Instructions to follow = Below is some data. Retype exactly the lines starting at the one with "Young father showing" and ending at the one with "Side profile of".

Exercise inputs =

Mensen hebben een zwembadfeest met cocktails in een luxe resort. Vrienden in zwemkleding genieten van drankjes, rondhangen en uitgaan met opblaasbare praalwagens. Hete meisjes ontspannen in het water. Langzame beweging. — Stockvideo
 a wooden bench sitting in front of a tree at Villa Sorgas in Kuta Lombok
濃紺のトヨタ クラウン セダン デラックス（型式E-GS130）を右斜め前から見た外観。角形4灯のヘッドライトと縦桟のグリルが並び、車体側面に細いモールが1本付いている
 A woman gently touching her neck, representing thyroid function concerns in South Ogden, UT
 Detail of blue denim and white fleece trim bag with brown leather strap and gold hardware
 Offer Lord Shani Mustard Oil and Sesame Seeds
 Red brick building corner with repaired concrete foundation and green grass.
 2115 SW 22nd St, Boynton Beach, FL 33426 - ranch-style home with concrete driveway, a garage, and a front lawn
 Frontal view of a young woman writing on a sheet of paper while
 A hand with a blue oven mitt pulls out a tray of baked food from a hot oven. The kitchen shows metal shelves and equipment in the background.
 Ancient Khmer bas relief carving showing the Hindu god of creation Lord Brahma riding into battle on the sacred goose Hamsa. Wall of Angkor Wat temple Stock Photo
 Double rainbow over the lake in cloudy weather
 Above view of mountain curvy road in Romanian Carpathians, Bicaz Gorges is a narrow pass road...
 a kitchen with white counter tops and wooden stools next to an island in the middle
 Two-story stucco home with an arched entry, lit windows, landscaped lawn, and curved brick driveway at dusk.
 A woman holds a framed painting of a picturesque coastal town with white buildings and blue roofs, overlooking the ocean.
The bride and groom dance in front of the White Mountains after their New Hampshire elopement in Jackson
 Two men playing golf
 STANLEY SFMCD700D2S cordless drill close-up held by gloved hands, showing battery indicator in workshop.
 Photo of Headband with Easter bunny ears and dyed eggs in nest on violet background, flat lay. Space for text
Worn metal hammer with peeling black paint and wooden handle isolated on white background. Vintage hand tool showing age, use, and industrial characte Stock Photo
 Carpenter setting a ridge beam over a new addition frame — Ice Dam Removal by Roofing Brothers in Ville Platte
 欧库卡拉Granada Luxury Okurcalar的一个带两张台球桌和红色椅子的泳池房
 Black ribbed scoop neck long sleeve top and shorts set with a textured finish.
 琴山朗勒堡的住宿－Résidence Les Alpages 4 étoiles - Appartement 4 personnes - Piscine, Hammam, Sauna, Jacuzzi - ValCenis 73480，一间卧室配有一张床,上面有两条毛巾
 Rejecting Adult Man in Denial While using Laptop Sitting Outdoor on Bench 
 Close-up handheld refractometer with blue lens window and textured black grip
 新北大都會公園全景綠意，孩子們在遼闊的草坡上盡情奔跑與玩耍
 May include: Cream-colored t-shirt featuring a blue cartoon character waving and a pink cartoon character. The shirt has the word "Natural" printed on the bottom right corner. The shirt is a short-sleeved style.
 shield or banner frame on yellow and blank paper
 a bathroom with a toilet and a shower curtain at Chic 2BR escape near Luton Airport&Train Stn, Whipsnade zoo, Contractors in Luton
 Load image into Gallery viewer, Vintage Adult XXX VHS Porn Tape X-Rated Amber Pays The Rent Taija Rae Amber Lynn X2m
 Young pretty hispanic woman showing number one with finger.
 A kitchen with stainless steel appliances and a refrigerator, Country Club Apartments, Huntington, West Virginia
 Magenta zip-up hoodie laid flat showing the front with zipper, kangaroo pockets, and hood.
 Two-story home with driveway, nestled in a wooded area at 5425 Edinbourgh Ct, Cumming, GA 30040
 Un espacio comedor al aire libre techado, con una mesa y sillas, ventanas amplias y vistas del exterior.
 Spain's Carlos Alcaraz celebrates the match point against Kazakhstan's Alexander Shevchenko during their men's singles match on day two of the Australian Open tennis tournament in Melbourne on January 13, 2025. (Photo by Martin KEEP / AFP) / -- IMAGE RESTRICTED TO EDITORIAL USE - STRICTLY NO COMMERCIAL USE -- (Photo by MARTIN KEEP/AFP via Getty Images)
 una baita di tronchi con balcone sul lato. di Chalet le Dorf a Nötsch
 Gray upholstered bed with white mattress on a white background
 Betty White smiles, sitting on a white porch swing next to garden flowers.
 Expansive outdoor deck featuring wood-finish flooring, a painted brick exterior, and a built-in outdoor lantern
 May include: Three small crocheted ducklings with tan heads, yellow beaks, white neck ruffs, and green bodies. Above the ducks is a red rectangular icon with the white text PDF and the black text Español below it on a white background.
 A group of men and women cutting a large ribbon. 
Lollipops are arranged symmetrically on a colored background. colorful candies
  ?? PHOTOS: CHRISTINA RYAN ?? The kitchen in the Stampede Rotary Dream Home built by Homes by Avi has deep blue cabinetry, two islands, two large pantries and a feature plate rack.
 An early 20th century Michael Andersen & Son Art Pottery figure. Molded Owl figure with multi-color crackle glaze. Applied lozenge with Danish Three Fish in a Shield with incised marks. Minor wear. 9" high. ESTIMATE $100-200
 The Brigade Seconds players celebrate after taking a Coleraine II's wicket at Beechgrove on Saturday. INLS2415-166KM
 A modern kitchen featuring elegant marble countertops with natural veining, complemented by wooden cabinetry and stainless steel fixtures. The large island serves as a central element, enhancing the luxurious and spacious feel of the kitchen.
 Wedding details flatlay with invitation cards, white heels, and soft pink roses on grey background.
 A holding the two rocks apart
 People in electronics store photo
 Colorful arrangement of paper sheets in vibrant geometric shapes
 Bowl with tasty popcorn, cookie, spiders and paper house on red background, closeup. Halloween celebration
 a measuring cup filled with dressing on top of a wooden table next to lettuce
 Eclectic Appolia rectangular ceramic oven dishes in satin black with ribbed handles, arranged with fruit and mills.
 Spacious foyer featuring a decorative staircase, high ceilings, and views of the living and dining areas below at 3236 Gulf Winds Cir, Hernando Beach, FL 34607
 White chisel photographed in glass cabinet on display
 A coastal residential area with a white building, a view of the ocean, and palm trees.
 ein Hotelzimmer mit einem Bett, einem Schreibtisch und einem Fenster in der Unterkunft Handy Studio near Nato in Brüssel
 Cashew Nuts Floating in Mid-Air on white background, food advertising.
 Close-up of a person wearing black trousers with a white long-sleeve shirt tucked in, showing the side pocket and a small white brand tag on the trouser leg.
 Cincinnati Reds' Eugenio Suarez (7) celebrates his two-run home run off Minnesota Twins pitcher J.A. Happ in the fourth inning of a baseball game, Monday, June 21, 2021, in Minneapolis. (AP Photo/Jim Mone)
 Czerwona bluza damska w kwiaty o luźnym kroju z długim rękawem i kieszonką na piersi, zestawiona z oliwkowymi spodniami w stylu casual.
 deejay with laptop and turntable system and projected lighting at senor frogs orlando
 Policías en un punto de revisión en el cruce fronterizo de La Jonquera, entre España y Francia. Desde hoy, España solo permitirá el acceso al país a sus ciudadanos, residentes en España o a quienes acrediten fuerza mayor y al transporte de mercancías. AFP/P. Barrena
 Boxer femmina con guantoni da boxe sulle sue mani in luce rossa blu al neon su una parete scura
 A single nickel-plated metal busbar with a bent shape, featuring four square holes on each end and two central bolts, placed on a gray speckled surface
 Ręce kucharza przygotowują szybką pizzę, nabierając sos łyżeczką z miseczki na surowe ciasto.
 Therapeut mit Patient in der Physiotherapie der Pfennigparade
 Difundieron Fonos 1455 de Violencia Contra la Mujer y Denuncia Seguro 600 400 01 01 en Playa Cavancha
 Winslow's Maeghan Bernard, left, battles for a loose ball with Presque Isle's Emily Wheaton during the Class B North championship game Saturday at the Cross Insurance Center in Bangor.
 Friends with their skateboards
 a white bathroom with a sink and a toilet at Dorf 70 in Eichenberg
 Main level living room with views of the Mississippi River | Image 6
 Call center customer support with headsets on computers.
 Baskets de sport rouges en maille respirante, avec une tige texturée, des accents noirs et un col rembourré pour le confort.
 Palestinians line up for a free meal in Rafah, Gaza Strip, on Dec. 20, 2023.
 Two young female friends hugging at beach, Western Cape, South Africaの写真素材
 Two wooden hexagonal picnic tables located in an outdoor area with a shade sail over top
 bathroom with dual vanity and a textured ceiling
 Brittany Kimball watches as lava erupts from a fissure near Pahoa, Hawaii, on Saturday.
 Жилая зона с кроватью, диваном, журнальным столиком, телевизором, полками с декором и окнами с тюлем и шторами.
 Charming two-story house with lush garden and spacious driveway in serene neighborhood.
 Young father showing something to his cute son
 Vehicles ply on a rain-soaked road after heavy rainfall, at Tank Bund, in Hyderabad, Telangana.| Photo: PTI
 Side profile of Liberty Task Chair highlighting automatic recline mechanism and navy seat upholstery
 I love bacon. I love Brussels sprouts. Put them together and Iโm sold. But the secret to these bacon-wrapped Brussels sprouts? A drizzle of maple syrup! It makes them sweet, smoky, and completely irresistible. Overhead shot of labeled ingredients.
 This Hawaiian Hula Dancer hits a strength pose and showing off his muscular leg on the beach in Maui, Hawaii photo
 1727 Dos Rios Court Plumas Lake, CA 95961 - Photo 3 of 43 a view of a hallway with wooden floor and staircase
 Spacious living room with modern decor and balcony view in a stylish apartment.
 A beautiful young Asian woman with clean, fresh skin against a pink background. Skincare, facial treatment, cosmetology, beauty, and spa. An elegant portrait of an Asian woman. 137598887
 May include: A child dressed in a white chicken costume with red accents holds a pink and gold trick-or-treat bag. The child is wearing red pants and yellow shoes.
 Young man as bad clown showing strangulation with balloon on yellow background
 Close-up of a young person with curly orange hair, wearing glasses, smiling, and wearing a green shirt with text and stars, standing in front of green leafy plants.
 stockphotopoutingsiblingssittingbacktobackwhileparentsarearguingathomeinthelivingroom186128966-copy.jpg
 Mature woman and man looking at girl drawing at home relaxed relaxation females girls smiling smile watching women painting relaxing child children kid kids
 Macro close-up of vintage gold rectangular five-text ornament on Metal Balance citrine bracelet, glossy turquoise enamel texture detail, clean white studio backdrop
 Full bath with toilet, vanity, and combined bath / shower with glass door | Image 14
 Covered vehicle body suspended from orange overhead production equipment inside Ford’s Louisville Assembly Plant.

Result of the exercise =
 Young father showing something to his cute son
 Vehicles ply on a rain-soaked road after heavy rainfall, at Tank Bund, in Hyderabad, Telangana.| Photo: PTI
 Side profile of Liberty Task Chair highlighting automatic recline mechanism and navy seat upholstery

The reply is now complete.